Но этого объяснения недостаточно. Существовала также проблема непристойности, воплощением которой стал волнующий образ Рене. Проникнувшись духом того времени, нельзя не увидеть агрессивный характер этой прекрасной книги — чувственной, двусмысленной, трепетной, горячей, изнуряющей:
«Они провели безумную ночь. Рене проявила страстную, действенную волю, подчинившую Максима. Это красивое белокурое и безвольное существо, с детства лишенное мужественности, напоминавшее безусым лицом и грациозной худобой римского эфеба, превращалось в ее пытливых объятиях (объятиях мачехи) в истую куртизанку. Казалось, он родился и вырос для извращенного сладострастия…»[59]
Ульбах давно уже составил собственное мнение о своем сотруднике и друге.
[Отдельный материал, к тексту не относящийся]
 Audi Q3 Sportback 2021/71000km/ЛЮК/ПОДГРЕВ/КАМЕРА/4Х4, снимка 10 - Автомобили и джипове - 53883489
Ему не пришлось идти вразрез со своими вкусами, когда он выступил против «Терезы Ракен». Золя и Ульбах возобновляют диалог. Чистосердечный и в то же время хитроватый Ульбах обвиняет Золя в непристойности.
«Итак, всегда одно и то же слово! — возражает романист… — Вы не нашли другого, чтобы осудить меня, и это дает мне основание считать, что это грубое слово исходит не от вас, а вы подобрали его в каком-нибудь официальном учреждении…»
Полемика в разгаре:
«Мы, французы, все позволили Рабле, подобно тому, как англичане все позволили Шекспиру. Хорошо написанной странице присуща своя нравственность, которая заключается в ее красоте, полнокровии и яркости».
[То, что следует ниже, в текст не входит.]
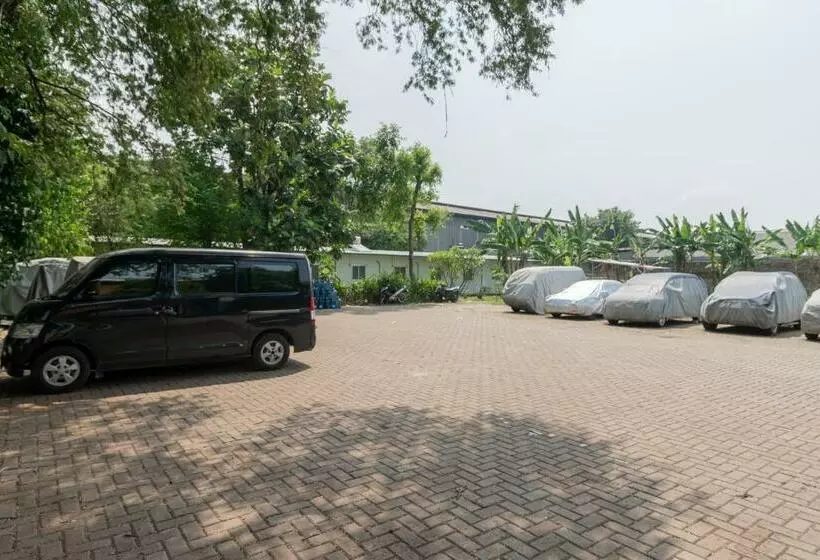 Hotelli Reddoorz @ Taman Green Legon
Золя отвечает со всей прямотой:
«Наши произведения слишком мрачны, слишком суровы для того, чтобы льстить публике и доставлять ей удовольствие… К лицемерию у нас питают нежную любовь, за него щедро платят; в то время как против грубой правды выступает огромная масса людей, которых стесняет откровенность…»
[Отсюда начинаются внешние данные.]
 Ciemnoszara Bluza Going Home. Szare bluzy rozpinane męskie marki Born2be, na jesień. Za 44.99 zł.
Неправильно связывать проблему «непристойности» с «Цветами зла» или «Госпожой Бовари». «Цветы зла» преднамеренно исполнены эротического трепета, постоянного, передающегося читателям смятения, которым можно было объяснить атаки ханжей. Что касается «Госпожи Бовари», то причиной процесса, устроенного против ее автора, был коллективный психоз. Но Золя — совсем иное дело: вместе с ним в литературу входил физиологический человек. Входил уверенно и властно. В понимании Золя непристойность — это вольная шутка, шаловливая история, милый XVIII век, который так любили Гонкуры. В понимании же буржуа непристойность — это правда.